Mt 6: 19-23

Do not store up for yourselves treasures on earth, where moth and rust consume and where thieves break in and steal; but store up for yourselves treasures in heaven, where neither moth nor rust consumes and where thieves do not break in and steal. For where your treasure is, there your heart will be also.

The eye is the lamp of the body. So, if your eye is healthy, your whole body will be full of light; but if your eye is unhealthy, your whole body will be full of darkness. If then the light in you is darkness, how great is the darkness!

New Revised Standard Version, copyright 1989, by the National Council of the Churches of Christ in the United States of America. Used by permission. All rights reserved. USCCB approved. http://www.usccb.org/bible/approved-translations

My Choices for Good

In the movie, “Indiana Jones:  The Last Crusade,” there is a scene where the arch-villain has the opportunity to grasp eternal life if he can only choose the real chalice which Jesus used. Of course, he wrongly selects the most rich and jewel-encrusted chalice; and as we watch his horrible death, the ancient knight of the Holy Grail says, “He chose poorly.”

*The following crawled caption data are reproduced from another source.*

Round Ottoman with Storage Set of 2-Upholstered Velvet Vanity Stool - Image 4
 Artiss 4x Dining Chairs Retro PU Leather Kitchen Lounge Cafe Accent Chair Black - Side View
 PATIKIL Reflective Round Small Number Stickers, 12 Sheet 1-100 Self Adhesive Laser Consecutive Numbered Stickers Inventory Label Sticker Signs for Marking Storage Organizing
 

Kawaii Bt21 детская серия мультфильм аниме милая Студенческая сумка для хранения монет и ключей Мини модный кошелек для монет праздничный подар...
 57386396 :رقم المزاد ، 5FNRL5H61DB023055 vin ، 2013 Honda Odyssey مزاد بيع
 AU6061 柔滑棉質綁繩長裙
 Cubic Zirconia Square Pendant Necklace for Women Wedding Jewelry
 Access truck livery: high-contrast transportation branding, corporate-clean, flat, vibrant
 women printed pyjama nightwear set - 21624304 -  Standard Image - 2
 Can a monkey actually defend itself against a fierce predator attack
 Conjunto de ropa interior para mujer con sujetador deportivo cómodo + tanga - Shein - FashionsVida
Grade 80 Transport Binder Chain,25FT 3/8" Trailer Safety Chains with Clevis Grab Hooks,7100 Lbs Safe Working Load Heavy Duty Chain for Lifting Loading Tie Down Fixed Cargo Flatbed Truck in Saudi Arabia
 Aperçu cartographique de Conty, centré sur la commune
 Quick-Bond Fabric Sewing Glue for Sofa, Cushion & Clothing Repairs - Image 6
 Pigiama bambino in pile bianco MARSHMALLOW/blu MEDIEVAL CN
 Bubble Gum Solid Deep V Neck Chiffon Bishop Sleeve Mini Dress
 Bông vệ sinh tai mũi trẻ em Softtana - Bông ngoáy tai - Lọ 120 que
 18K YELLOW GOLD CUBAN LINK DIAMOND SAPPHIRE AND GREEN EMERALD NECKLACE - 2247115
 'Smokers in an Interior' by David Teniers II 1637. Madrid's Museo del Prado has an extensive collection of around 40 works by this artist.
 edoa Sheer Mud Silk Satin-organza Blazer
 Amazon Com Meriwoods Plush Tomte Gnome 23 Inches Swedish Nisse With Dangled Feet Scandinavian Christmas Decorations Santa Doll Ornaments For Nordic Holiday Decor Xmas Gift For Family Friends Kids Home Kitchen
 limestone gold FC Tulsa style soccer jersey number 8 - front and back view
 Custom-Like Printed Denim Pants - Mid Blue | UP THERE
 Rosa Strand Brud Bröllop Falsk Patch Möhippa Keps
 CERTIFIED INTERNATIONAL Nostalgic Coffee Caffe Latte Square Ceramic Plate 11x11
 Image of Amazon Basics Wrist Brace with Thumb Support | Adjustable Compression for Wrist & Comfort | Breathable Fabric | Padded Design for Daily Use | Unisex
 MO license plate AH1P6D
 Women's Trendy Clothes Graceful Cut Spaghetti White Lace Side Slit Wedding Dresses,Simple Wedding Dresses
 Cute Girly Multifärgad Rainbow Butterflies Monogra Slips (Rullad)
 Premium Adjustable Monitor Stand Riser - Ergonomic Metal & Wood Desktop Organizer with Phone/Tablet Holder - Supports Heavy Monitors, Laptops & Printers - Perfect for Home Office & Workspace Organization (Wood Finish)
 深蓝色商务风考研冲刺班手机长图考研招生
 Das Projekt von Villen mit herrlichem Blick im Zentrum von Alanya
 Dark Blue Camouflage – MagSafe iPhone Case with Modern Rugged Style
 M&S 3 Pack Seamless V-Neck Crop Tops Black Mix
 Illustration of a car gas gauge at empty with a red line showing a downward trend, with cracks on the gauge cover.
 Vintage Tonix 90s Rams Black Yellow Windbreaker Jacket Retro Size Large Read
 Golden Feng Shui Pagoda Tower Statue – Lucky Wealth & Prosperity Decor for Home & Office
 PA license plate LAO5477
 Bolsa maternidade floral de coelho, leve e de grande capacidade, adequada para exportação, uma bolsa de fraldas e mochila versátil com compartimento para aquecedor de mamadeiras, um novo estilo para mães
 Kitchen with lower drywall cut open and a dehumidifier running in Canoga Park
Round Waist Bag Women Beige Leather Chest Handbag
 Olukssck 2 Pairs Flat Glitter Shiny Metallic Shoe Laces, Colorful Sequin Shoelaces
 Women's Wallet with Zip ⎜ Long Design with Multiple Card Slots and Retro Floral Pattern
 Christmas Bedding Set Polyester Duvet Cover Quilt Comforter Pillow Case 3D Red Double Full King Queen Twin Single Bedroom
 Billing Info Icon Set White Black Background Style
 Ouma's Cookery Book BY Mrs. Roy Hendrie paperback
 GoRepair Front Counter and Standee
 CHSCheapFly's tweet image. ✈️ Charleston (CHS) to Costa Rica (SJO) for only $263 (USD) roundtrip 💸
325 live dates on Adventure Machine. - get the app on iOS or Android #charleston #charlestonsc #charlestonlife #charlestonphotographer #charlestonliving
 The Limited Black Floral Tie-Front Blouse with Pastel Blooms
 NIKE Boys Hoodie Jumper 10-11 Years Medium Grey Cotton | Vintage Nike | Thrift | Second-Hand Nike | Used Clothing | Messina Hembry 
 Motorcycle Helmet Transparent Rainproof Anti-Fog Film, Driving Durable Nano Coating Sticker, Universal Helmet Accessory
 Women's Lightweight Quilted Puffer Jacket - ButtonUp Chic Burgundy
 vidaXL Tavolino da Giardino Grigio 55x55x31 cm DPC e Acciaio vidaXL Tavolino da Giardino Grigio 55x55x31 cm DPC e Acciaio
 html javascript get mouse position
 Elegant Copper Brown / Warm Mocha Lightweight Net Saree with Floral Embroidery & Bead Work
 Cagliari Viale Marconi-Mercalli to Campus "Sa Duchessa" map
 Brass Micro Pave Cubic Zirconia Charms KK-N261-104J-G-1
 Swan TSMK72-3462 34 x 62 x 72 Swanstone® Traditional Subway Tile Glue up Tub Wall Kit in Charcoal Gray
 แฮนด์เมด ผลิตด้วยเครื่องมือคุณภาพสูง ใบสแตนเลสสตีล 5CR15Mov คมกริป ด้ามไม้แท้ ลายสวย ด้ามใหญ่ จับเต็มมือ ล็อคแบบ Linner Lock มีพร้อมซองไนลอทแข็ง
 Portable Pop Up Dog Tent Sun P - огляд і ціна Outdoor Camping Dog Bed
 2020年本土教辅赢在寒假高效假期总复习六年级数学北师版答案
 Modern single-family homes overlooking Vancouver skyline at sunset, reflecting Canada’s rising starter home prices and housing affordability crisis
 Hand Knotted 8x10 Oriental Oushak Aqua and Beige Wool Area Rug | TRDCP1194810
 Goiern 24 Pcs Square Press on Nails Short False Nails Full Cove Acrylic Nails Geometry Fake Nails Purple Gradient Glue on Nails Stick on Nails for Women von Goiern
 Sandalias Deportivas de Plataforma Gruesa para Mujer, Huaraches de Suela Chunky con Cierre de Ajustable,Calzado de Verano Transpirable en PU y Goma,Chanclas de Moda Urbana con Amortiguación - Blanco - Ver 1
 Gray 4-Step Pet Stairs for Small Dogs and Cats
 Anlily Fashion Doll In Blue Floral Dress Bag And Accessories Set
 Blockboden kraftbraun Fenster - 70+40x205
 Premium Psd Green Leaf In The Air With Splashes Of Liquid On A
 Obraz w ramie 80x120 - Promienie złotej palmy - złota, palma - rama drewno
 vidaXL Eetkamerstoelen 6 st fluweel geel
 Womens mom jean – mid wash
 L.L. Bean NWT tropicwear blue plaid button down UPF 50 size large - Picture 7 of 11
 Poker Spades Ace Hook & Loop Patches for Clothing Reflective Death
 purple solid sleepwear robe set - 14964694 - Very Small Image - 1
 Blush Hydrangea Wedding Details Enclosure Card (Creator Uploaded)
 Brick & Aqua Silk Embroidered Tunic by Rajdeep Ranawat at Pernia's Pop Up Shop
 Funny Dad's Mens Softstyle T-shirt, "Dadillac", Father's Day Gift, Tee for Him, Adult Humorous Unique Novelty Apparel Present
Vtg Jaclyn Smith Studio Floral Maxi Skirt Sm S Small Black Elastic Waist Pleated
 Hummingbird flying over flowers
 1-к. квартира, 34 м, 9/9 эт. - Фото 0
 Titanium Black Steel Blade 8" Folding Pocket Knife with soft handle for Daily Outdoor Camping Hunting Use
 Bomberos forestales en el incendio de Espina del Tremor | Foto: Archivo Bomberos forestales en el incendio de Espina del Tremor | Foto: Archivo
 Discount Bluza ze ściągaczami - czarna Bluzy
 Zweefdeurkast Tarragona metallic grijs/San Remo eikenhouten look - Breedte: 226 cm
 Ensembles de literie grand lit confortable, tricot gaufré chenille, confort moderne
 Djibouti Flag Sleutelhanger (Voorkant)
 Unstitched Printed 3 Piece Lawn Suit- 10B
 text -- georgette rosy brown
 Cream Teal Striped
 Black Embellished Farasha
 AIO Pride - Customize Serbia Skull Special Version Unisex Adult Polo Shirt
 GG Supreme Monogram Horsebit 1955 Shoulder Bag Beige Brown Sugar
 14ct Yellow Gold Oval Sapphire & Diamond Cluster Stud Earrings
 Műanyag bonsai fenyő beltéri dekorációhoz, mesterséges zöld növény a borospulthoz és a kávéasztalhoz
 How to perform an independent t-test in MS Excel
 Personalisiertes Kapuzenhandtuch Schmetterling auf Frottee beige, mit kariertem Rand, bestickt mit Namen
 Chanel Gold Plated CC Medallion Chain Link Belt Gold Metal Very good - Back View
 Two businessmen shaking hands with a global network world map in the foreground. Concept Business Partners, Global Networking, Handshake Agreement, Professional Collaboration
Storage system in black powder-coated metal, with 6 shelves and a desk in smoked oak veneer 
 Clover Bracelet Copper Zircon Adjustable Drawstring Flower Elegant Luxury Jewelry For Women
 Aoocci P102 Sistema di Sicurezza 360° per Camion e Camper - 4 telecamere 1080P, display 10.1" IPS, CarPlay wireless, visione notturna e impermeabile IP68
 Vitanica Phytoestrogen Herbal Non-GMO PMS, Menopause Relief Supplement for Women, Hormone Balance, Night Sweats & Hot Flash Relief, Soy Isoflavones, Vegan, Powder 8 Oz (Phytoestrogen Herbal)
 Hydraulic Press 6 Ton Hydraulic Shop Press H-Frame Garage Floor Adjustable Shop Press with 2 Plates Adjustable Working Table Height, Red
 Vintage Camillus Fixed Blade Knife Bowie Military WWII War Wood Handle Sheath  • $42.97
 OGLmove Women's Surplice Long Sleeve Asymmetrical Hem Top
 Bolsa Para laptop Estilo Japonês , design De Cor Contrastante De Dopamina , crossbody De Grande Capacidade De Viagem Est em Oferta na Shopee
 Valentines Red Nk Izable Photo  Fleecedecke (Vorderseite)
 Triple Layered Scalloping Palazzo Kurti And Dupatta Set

As newer Jesuits, we were exhorted towards “custody of the eyes,” that is to retain modesty where we look. It was common to tease each other about “custody of the eyes” when one of us might comment on the state of another’s room. Jesus also exhorts disciples, “If your right eye causes you to stumble, gouge it out and throw it away.”  (MT 5:29)

Our commitment to fulfilling our Christian lives includes that of choosing well. But we cannot just see it as a choice to not sin as such. But it is because, if we choose to fill our lives, in this case our eyesight, with evil and things of darkness, this will deny us the ability to fill ourselves with things of grace and light. In the case of eyesight, as it is said that “a picture is worth a thousand words,” this incredible gift is an opportunity to receive the sensory richness of the Kingdom of God, or otherwise.

The first paragraph of this passage expresses this same idea differently, “For where your treasure is, there also will be your heart.”  How we choose to see is an expression of what we treasure of the world, and thus where we place our imagination, our hope and ultimately our faith.

What kind of choices am I making in what I read, what I look at on the internet, what TV shows I watch?

—Fr. Glen Chun, S.J. serves in campus ministry at Loyola University Chicago and is also minister of the Loyola Jesuit Community.

Prayer

Living God—stand by me. Hold me up. Be my strength when I am tired, my inspiration when I am bored, my life when I am listless.

Living God, I cannot always meet the standard expected of me, cannot always be the personality I am known for. Abba when I fail, Abba when I stumble—stand by me!